Belcanto Capital offers long-term debt service coverage ratio (DSCR) loans to real estate investors who wish to grow their rental property portfolio in Florida. A DSCR loan is mainly based on the value/cash flow of the property and not the income/assets of the borrower. It’s a perfect part of the BRRRR strategy – use a DSCR loan for a cash-out refinance after rehab.

Florida Real Estate DSCR Loans for Investors

Florida Areas Served

Any investment property in an urban or suburban setting in the state may potentially qualify for a DSCR loan. These are the most common markets:

  • Orlando
  • Jacksonville
  • Tampa/St. Petersburg
  • Miami (South Florida)

Basic DSCR Loan Terms

  • Property types: residential 1-8 units
  • Loan amounts from $75,000
  • 80% LTV purchase/75% Cashout
  • 30-year fixed or 5/7/10 ARM (I/O)
  • Rates from 6.5%
  • Minimum FICO 660
  • No income verification
  • Low fees and costs

DSCR Ratio = Rental Income / (Principal + Interest + Taxes + Insurance)

What is a DSCR Loan for a Real Estate Investor?

A DSCR loan is perfect for the real estate investor who wants to grow his or her portfolio of investment properties. It is based on the rental income of the property and not the personal income/assets of the borrower. Short for Debt-Service Coverage Ratio, a DSCR loan is perfect for investors who want to scale up their real estate investing business. Usually held in a business entity such as an LLC, the DSCR loan will not count against the personal debt (DTI) ratios of the borrower. Also, even though there is a personal guarantee normally given on the DSCR loan, it will not report to personal credit so long as the loan is paid and maintained in good standing.

How Does a Borrower Qualify for a DSCR Loan?

A DSCR loan is based on the economic characteristics of the property. The rental property cash flow is used to determine the income of the property. Meanwhile, expenses like principal and interest payments, property taxes, and insurance are added up to determine the expenses of the property. A good debt service coverage ratio (DSCR ratio) is 1.20 and above, meaning the net operating income is at least 20% greater than the expenses. In other words, the property generates sufficient cash flow to cover the expenses of the property.

Other than personal credit score, the financial profile of the borrower (borrower’s ability to repay) is not considered for a DSCR loan program. Therefore, a DSCR loan is different than a typical mortgage loan for a personal residence (no rental income in that case). The personal income, employment documents or tax returns, DTI ratios, assets, etc are not normally considered by a DSCR lender (unlike traditional loans from banks).

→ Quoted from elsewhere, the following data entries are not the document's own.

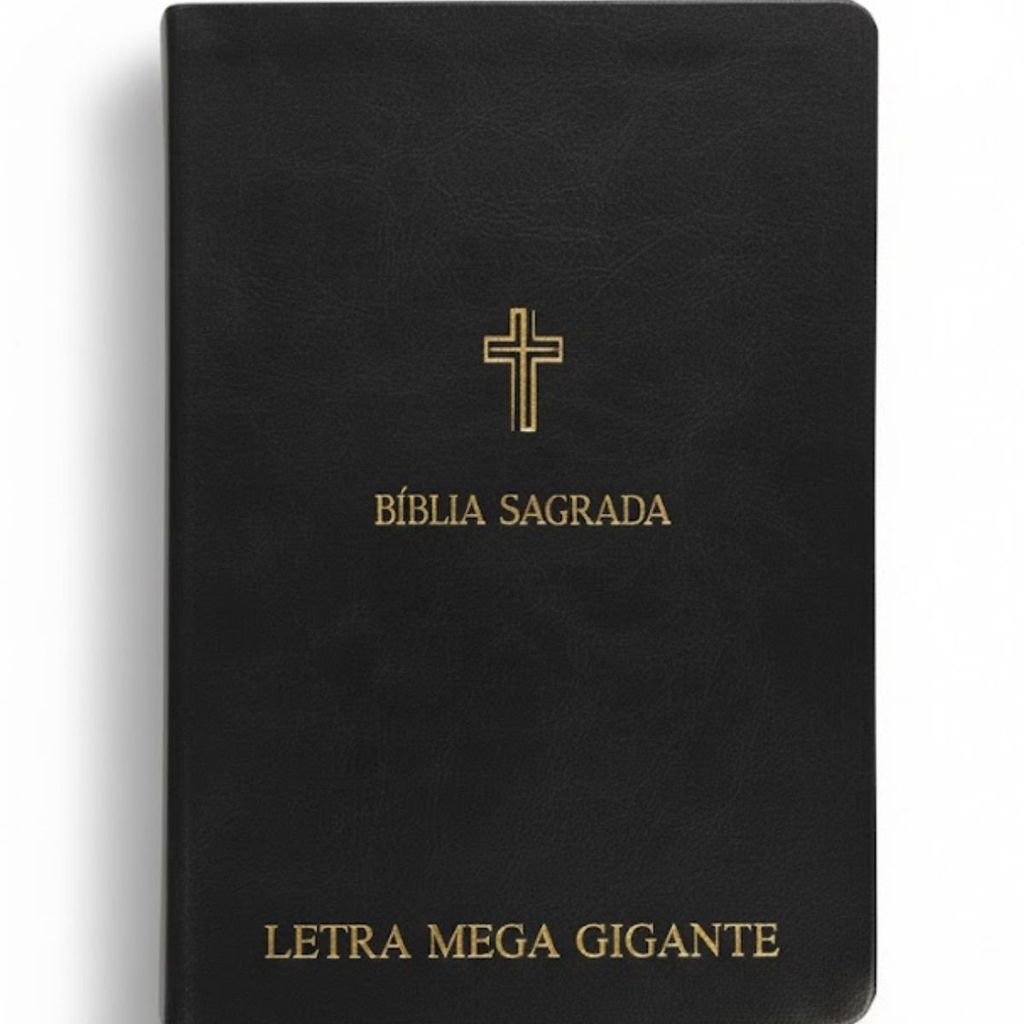 Bíblia Sagrada | ARC | Letra Mega Gigante | Capa Luxo Preta
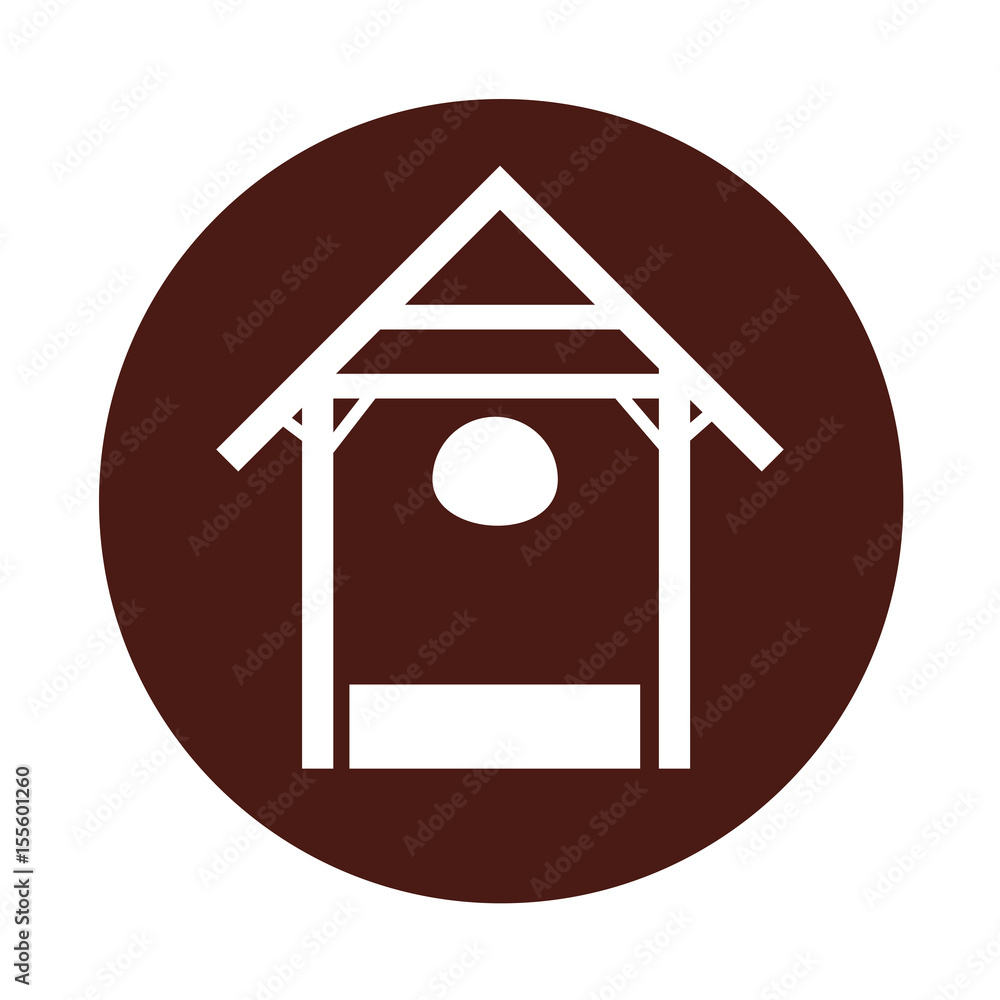 stable wood manger icon vector illustration design stable wood manger icon vector illustration design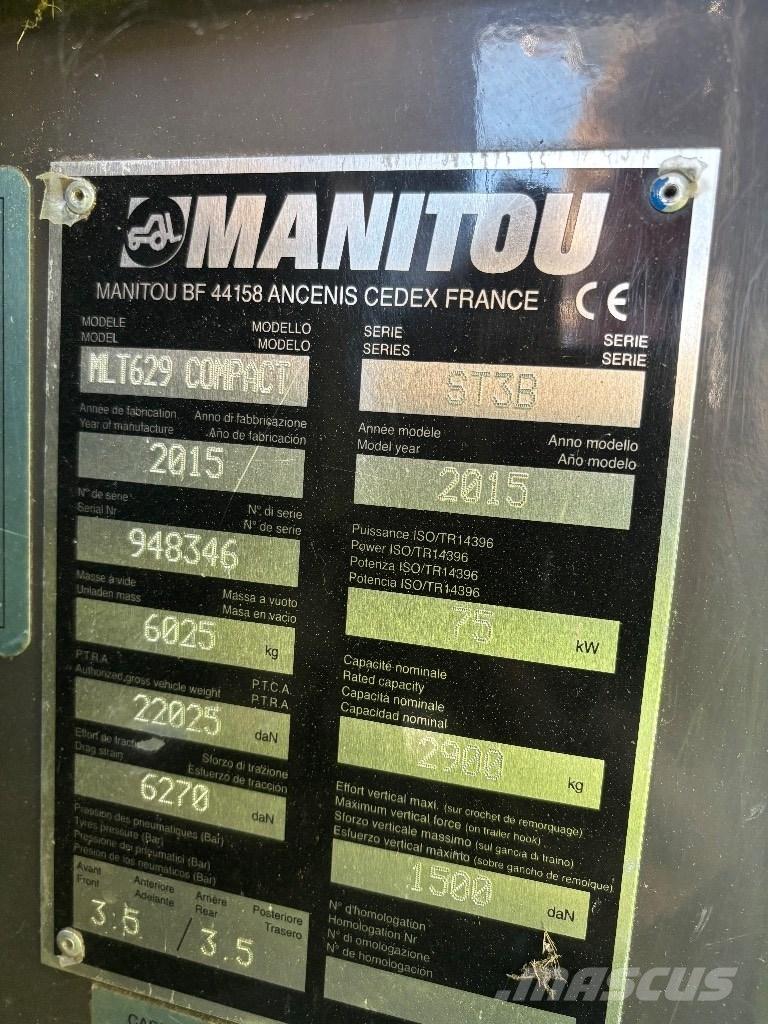 Manitou MLT 629 Teleskopski viljuškari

The minimum loan amount for a DSCR loan is generally $75,000 on a minimum property appraisal value of $100,000. A DSCR loan can be used for a purchase of a rental property, or a refinance of an investment property already owned by the borrower with a good amount of equity.  Interest rates on a DSCR loan may be slightly higher than a conventional loan on a personal residence, but it’s definitely worth it because of the easier application at a DSCR lender and the ability to scale to purchase an investment property over and over.

One drawback is that DSCR loans typically have a pre-payment penalty associated with them. This means that loan repayment (from a refinance or a sale) within 3-5 years may incur a penalty on the outstanding balance. It’s best to take a DSCR loan if the borrower does plan to hold the rental property for a few years.

DSCR loans with a debt service coverage ratio below 1.2 are possible, but may incur a higher interest rate due to the higher risk to underwrite such a DSCR loan with a less positive cash flow.

DSCR loans are not suitable for rehab projects, only properties with rental income currently generated by the property with a positive cash flow that can service the loan. A lender will never approve a DSCR loan for a vacant property in need of renovation (i.e. no rental income generated to meet the annual debt service.



Purchase or refinance of 1-4 unit properties based on the cash flow performance of the property (DSCR-type rental loan) so you can quickly add doors. Includes cash-out refinance options (BRRRR method)


Purchase or refinance of 5+ unit properties based on the cash flow performance of the property (DSCR-type rental loan) to scale up your portfolio. Includes cash-out refinance options (BRRRR method)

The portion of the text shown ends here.